A lot of this improvement can be traced to stricter compliance flowing from three factors. First, denial of input credit to the buyer without the supplier uploading the invoice. Second, the introduction of e-invoicing. And third the introduction of e-waybills for transporters for value exceeding Rs 50,000 per consignment. Another less acknowledged factor is greater coordination between the Central Board of Excise and Customs (CBIC) and Central Board of Direct Taxes (CBDT) in compliance verification. An equally significant achievement is the broad justification of the optimism that GST being the destination-based tax would help in fiscal equity for the augmentation of revenues of the states that consume less.
The micro, small and medium enterprises (MSME) sector has been affected by the GST reforms because the large units have been reluctant to buy from them in the absence of input duty credit. An important measure here would be to amend the law to provide that all units buying from unregistered GST suppliers would have to pay duty on a reverse charge basis. In order to provide greater procedural comfort to the larger units, the provision relating to the issue of e-way bills and other regulatory procedures must be simplified where purchases are from a smaller unit whose turnover is below a threshold. To further incentivise the larger units and encourage them to trade on the TReDS platform, (the institutional mechanism to facilitate the discounting of invoices for MSMEs from corporate buyers through multiple financiers), the Securities and Exchange Board of India (SEBI) can provide higher credit ratings to such units. This will incentivise them to grow.
While the revenue gains have come through better compliance, the next surge in GST revenues will have to come from an increase in the average incidence of GST duties. The recommendation of the committee by the GST council will, therefore, be important. The challenge would be to do it in a manner which is least inflationary. This will require a combination of measures — phasing out of exemptions, raising of the merit rate from the present level of 5 per cent and merging the 12 per cent rate with the standard rate, whether to 16 per cent or 18 per cent. Together with the rate rationalisation exercise, the government will have to look into other GST reforms to trigger economic growth. This will perhaps require including natural gas/ATF under GST in the first round.
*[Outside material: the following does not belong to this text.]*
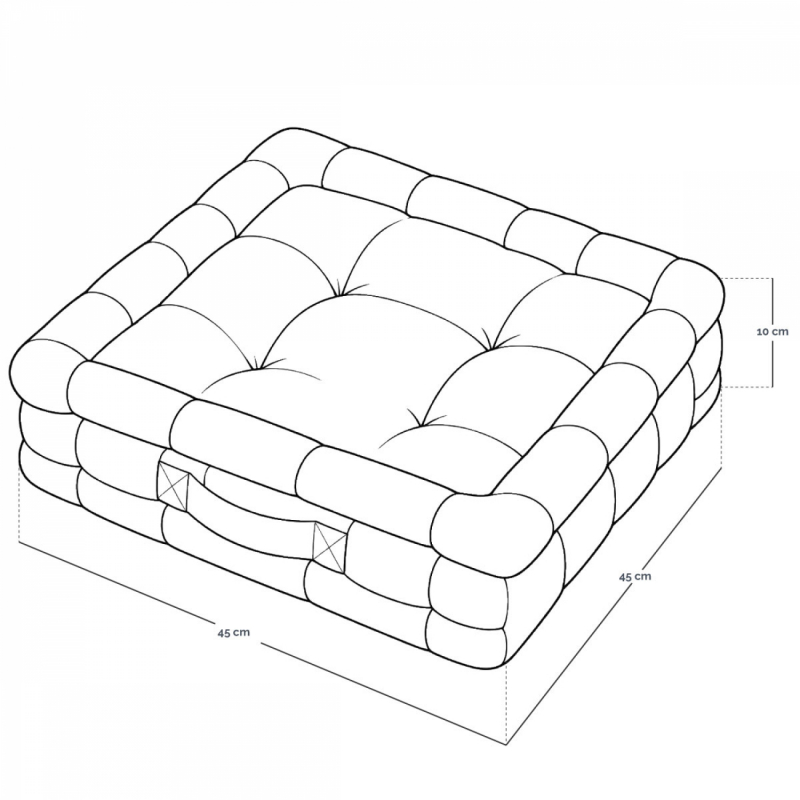 Coussin de sol - 45 x 45 cm - Gris clair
Further reforms in the factor markets — land, real estate and energy — would require their inclusion in the GST. This is essential because while the economic reforms of the 1990s restructured the product market, the factor market reforms were incomplete.
Finally, GST 2.0 reforms require the creation of federal institutions. We need to create another institution in the form of a GST state secretariat that can bring together senior officers from the Centre and states in an institutional forum registered under the Society Act. This forum could also provide a common point of contact for trade and industry to redress the grievances on non-policy matters. This would demonstrate that despite the recent dissonance, India’s federal institutions are still strong and that the Indian polity is based on cooperative federalism as an innate principle.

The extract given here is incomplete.